If a variable annuity request is received after the third valuation date
preceding the first valuation date following the fourteenth day of the month
prior to the commencement date, it will be treated as a request received the
following month, and the commencement date will be changed to the first of the
month following the requested commencement date. The account value used to
determine the initial variable annuity payment will be the value as of the first
valuation date following the fourteenth day of the month prior to the variable
annuity begin date.
5. AMOUNT OF SECOND AND SUBSEQUENT MONTHLY ANNUITY PAYMENTS
The dollar amount of the second and later variable annuity payments is equal to
the number of annuity units determined for each sub-account times the annuity
unit value for that sub-account as of the due date of the payment. This amount
may increase or decrease from month to month.

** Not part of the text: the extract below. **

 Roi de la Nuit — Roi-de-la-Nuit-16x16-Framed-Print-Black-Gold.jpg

6. VALUE OF THE ANNUITY UNIT
The value of an annuity unit for a sub-account is determined monthly as of the
first day of each month by multiplying the value on the first day of the
preceding month by the product of (a) .997137, and (b) the ratio of the value of
the accumulation unit for that sub-account for the valuation date next following
the fourteenth day of the preceding month to the value of the accumulation unit
for the valuation date next following the fourteenth day of the second preceding
month (.997137 is a factor to neutralize the assumed net investment rate,
discussed in Section 4 above, of 3.5% per annum built into the annuity rate
tables contained in the contract and which is not applicable because the actual
net investment rate is credited instead). The value of an annuity unit for a
sub-account as of any date other than the first day of a month is equal to its
value as of the first day of the next succeeding month.

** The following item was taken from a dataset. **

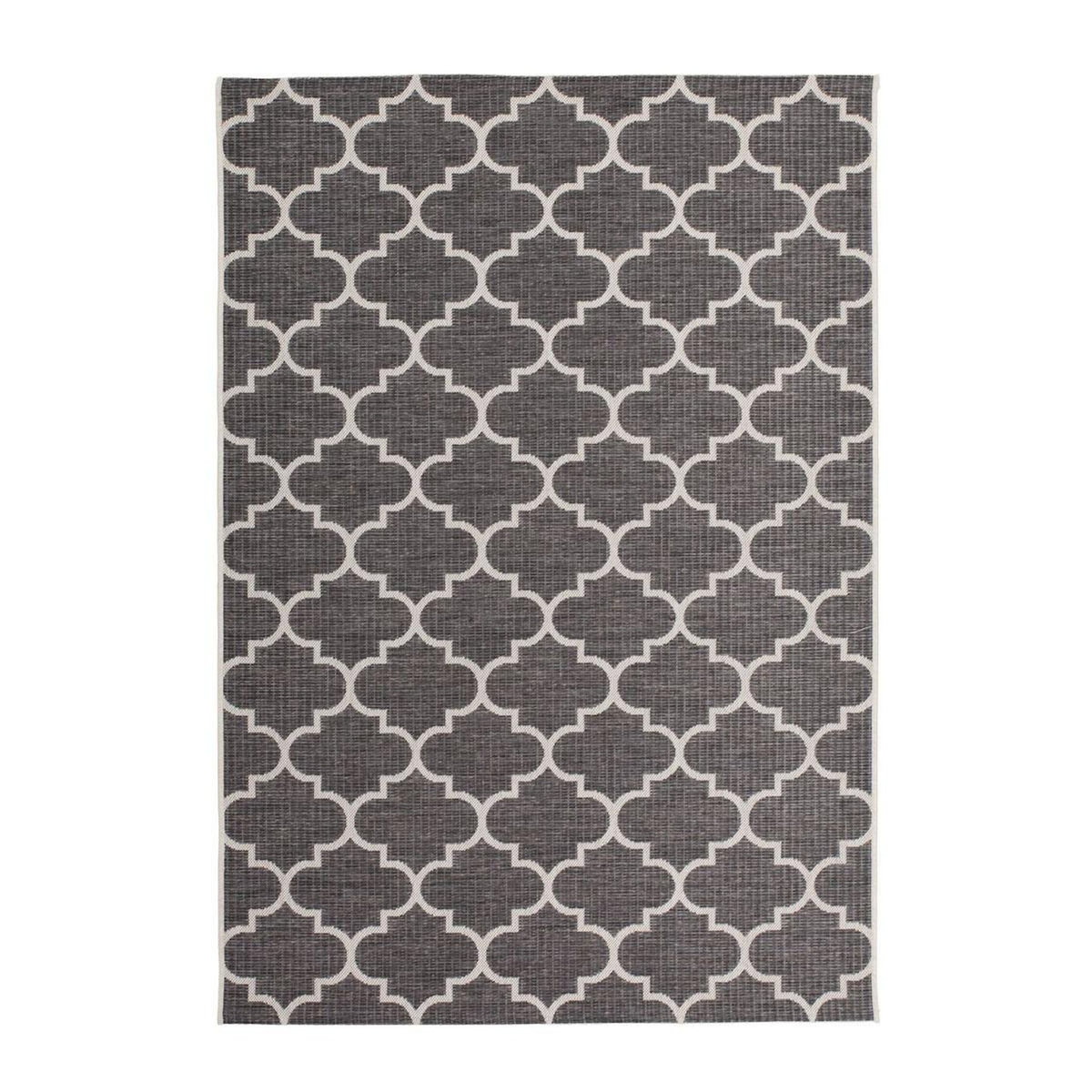 Paris Prix Tapis Tissé à Poils Courts  Batu  Gris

7. TRANSFER OF ANNUITY RESERVES
Amounts held as annuity reserves may be transferred among the variable annuity
sub-accounts during the annuity period. Annuity reserves may also be transferred
from a variable annuity to a fixed annuity during this time. The change must be
made by a written request. The annuitant and joint annuitant, if any, must make
such an election.
There are restrictions to such a transfer. The transfer of an annuity reserve
amount from any sub-account must be at least equal to $5,000 or the entire
amount of the reserve remaining in that sub-account. In addition, annuity
payments must have been in effect for a period of 12 months before a change may
be made. Such transfers can be made only once every 12 months. The written
request for an annuity transfer must be received by us more than thirty days in
advance of the due date of the annuity payment subject to the transfer. Upon
request, we will make available to you annuity reserve sub-account amount
information.
A transfer will be made on the basis of annuity unit values. The number of
annuity units from the sub-account being transferred will be converted to a
number of annuity units in the new sub-account. The annuity payment option will
remain the same and cannot be changed. After this conversion, a number of
annuity units in the new sub-account will be payable under the elected option.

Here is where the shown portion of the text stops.